月刊『国際労働運動』48頁(0458号02面01)(2014/11/01)


■News & Review 韓国
 現代自動車非正規職支会が裁判で勝利
 不法派遣の1200人を正規職と認める判決

(写真 現代自動車の非正規職労働者が勝訴判決後、決起大会を開く【9月18日】)

(写真 勝訴に喜び、ソウル中央法院前で訴訟の代理人のクォンヨングク弁護士を胴上げ【9月19日】)

4年間の不屈の闘いが切り開いた地平

 現代(ヒョンデ)自動車非正規職労働者たちの正規職認定を求める集団訴訟に対して、9月18~19日、ソウル中央地方法院が判決を出した。労働事件を専門に担当している第41、42裁判部は、合わせて約1200人の現代自動車非正規職が現代車を相手に提起した勤労者地位確認訴訟及び賃金請求訴訟で、原告ら全員に勝訴の判決を宣告した。1200人全員が正規職であると認めたのである。
 決定的なのは、現代自動車で働くすべての社内下請け労働者が不法派遣の状態にあると認定したことだ。最高裁はすでに2010年7月、現代車非正規職のチェビョンスン組合員が提起した訴訟で不法派遣を認めていたが、会社側はこれを〝チェビョンスン氏個人への判決〟と主張し、非正規職労働者全体の正規職への転換をあくまで拒否し続けてきた。だが今回の判決は、生産ラインの全工程はもとより、鉄板プレス作業から完成車の船積みにいたる全業務において、そこで働く下請け労働者全員を不法派遣と認定した。自動車の生産工程のすべてにおいて「合法的」な請け負いなど不可能で、全労働者が正規雇用されるべきだと宣言したのである。実際に非正規職労働者たちが現代車に完勝したと言えるものだ。
 「全部勝ったぞ!」。

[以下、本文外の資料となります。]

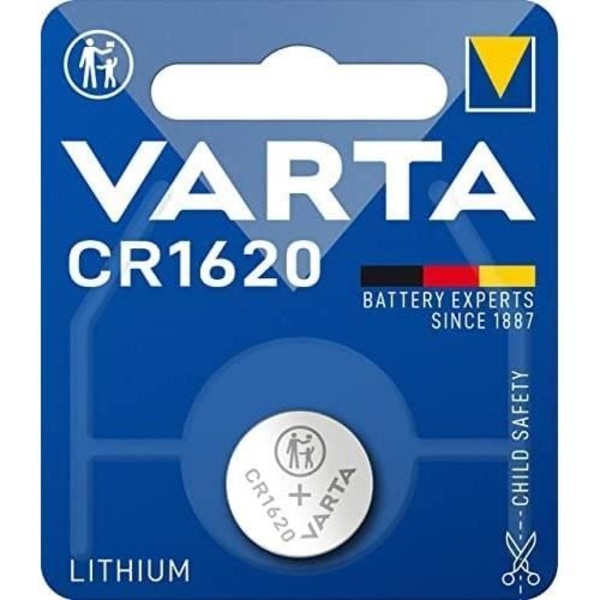 3V lithium knap batteri CR1620 - VARTA - 6620101401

裁判所前での座り込みを続けてきた現代自動車蔚山(ウルサン)非正規職支会の労働者をはじめとして、労働者たちは判決を聞くや否や歓声を上げ、感涙にむせんだ。「不法派遣を撲滅し、正規職転換をかちとろう!」のシュプレヒコールがこだました。
 現代自動車の非正規職労組は2003年に結成されて以来、「人間らしく生きたい」を合言葉に正規職化を求めて11年間闘い抜いてきた。2010年秋には蔚山第1工場での25日間の工場占拠ストを闘い、2013年には296日に及ぶ鉄塔籠城闘争をも闘った。
 今回の集団訴訟はその中で2010年11月、チェビョンスン氏の勝訴を引き継いで提訴された。それから3年10カ月ぶりにようやく一審判決が出たのだ。
 続いて9月25日には起亜(キア)自動車においても、社内下請け労働者約500人が提起した訴訟に対し、原告全員の正規職としての地位を認定する勝利判決がかちとられた。
 これらの判決は、現代車のみならず韓国の自動車産業全体に広がる不法派遣を満天下に明らかにした。サムスン電子など他の多くの製造業の不法派遣問題に対しても、大きな影響を与えていく判決だ。

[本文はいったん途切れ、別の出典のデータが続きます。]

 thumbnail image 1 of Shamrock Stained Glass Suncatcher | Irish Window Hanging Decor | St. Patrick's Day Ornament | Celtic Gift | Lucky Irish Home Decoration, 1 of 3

(写真 9月18日に判決のあったソウル中央地方法院の前で。横断幕には「すべての社内下請けを正規職に転換せよ! 現代車【株】=不法派遣→正規職化」と書かれている)

分断・切り崩し攻撃との激しい闘い貫く

 判決に先立ち、現代自動車会社側と現代自動車支部(正規職)は結託して、非正規職支会の正規職転換要求闘争に対する激しい分断・切り崩し攻撃を加えてきた。今回の勝利は、この攻撃を必死に打ち破る中でかちとられた。
 8月18日、現代車労使は蔚山工場で行われた19次特別交渉で暫定合意案を妥結した。この特別交渉は、現代自動車非正規職支会3支会のうち組合員が最も多い蔚山支会が抜けた状態で行われた。蔚山支会長は、会社が非正規職の正規職への転換を拒否する代わりに2012年から主張してきた3500人新規採用案から進展した案を出していないとして、交渉決裂を宣言していた。その後の交渉は、蔚山支会を除いたまま全州(チョンジュ)支会と牙山(アサン)支会だけが参加して行われ、8月18日に暫定合意案を確定し、妥結した。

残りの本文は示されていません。